Segment Start: Input data

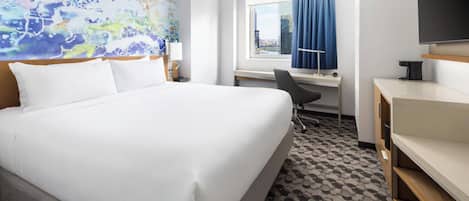 Una habitación de hotel con una cama grande, un escritorio, una silla y un televisor.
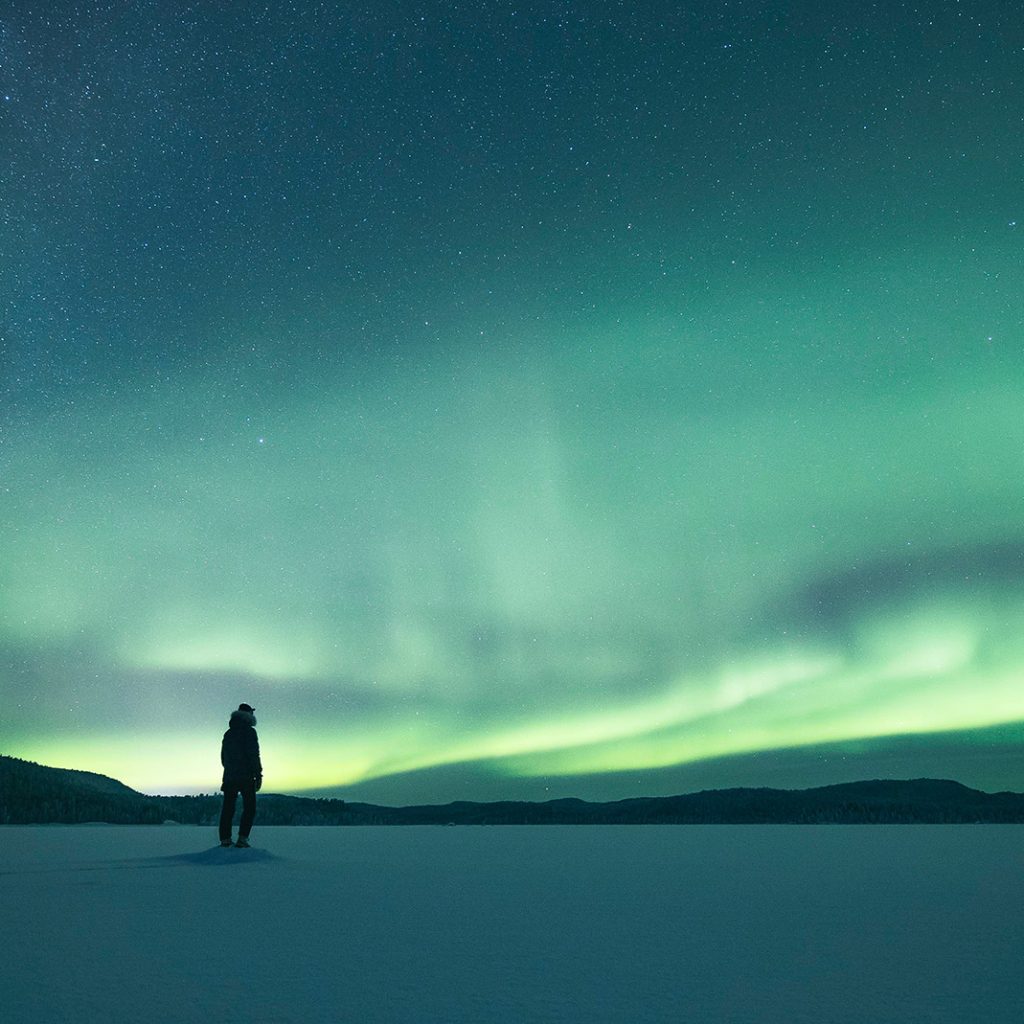 Man enjoying northern lights in Lapland. Lapland Luxury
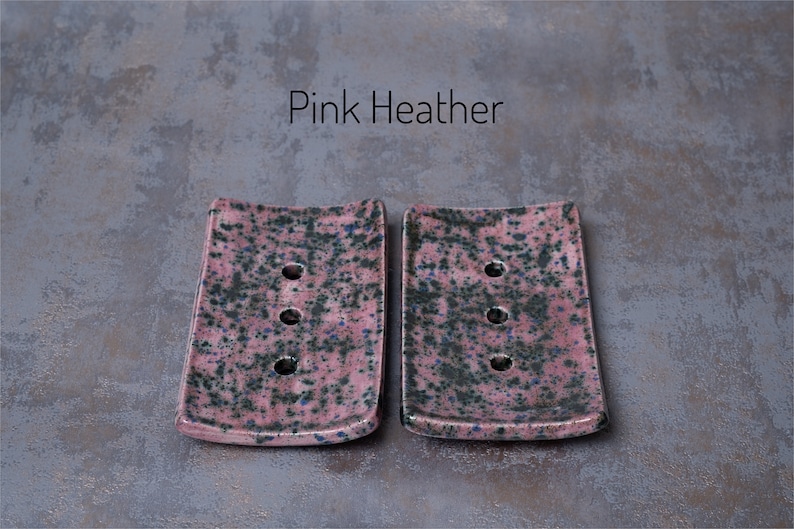 Pink Heather is a muted pink with black and blue speckles, varying in intensity.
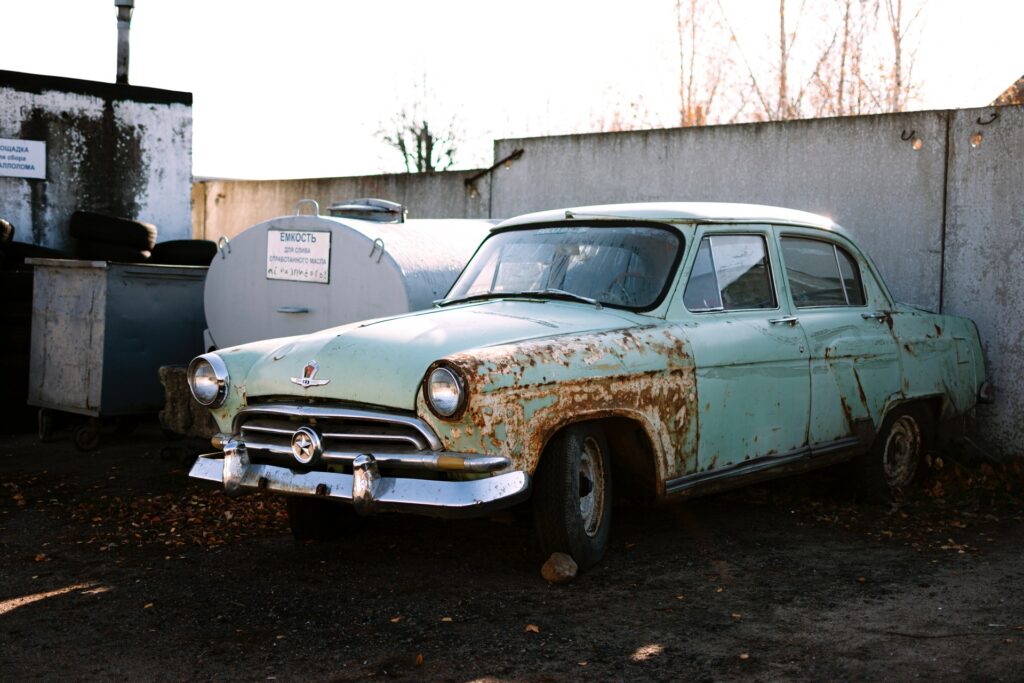 Rusty car sitting in junkyard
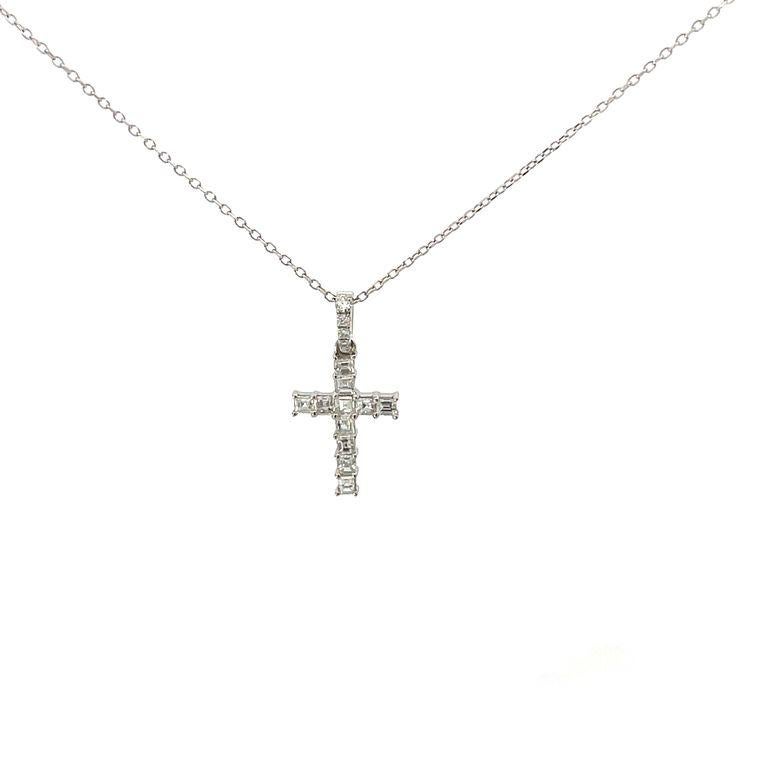 Looking for an everyday signature necklace that reflects your faith? Consider this cross pendant that features eleven Asscher-cut and four round white diamonds with a total weight of 0.37 carats. The diamonds are set in 18K white gold with a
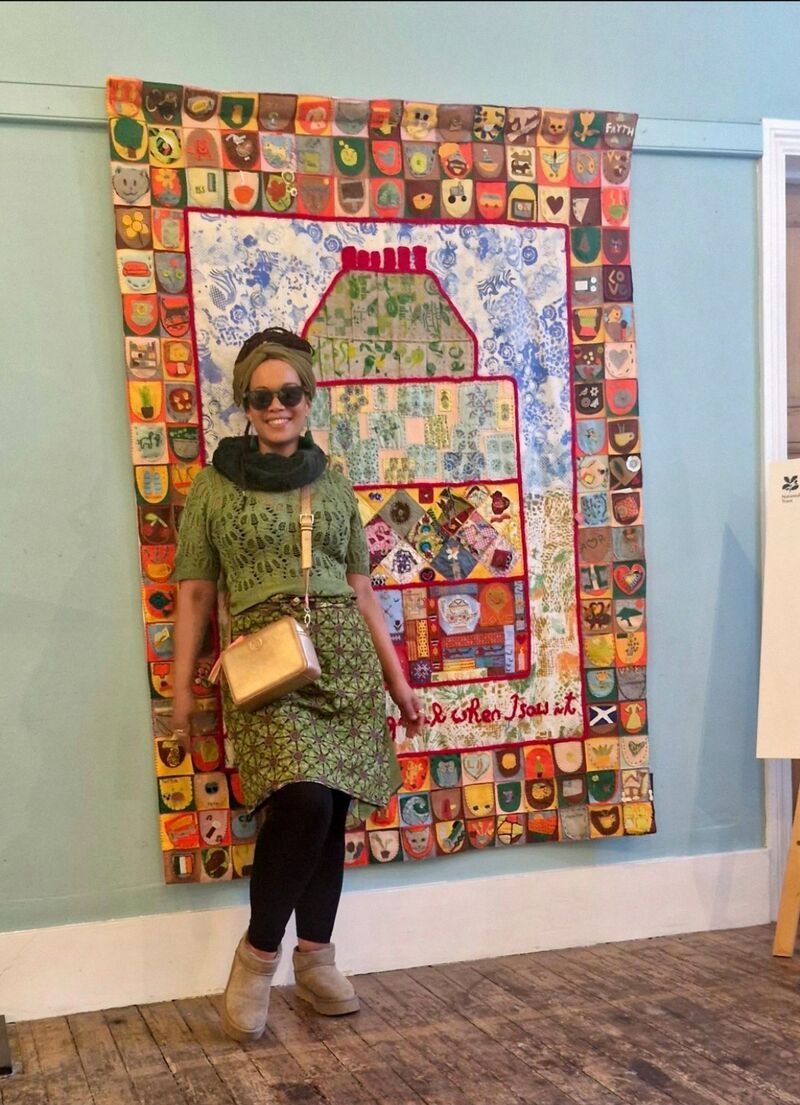 Fée Uhssi in front of the Community Quilt as part of National Trust's 575 Wandsworth road Common Thread project where Fée led the appliqué design part.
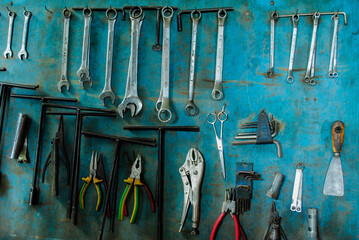 set of key wrench hanging on dirty blue multiplex. 
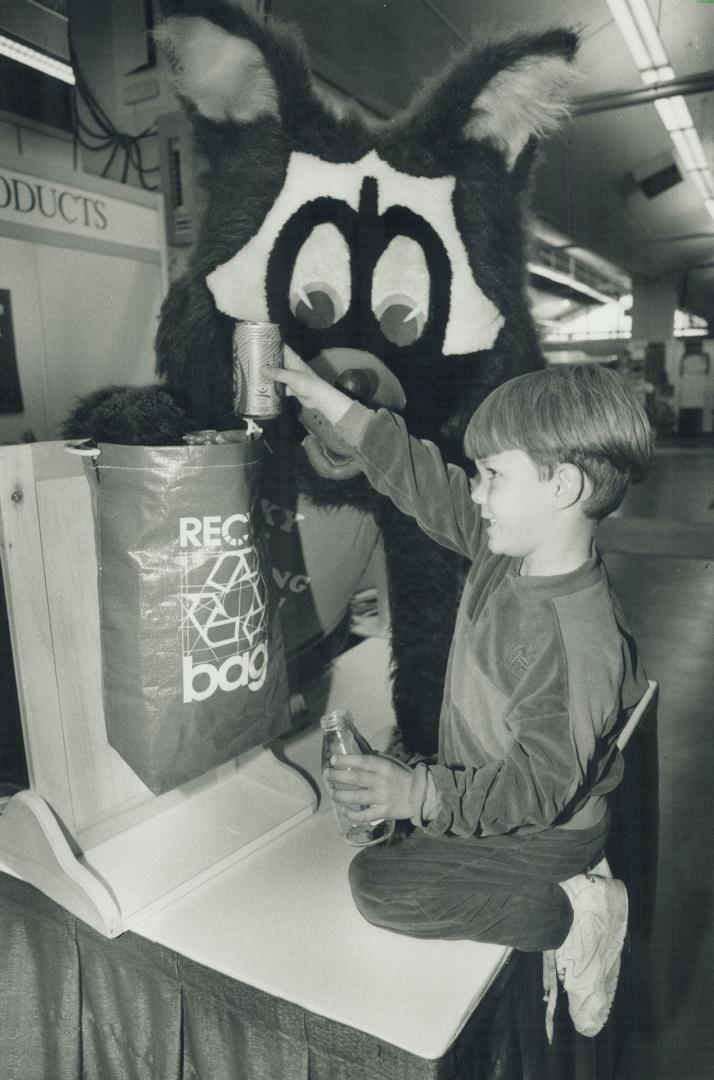 Can it: Patrick Slike, 5, and a furry friend test a bag for recyclables at an Exhibition Place showcase of products described as environmentally inoffensive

Segment End: Input data

(Task instructions): Within the listing above, the lines from the one with "Pink Heather is" through the one with "Rusty car sitting in junkyard" are to be given again word for word. Do not include pictures.

(Task solution):
 Pink Heather is a muted pink with black and blue speckles, varying in intensity.
 Rusty car sitting in junkyard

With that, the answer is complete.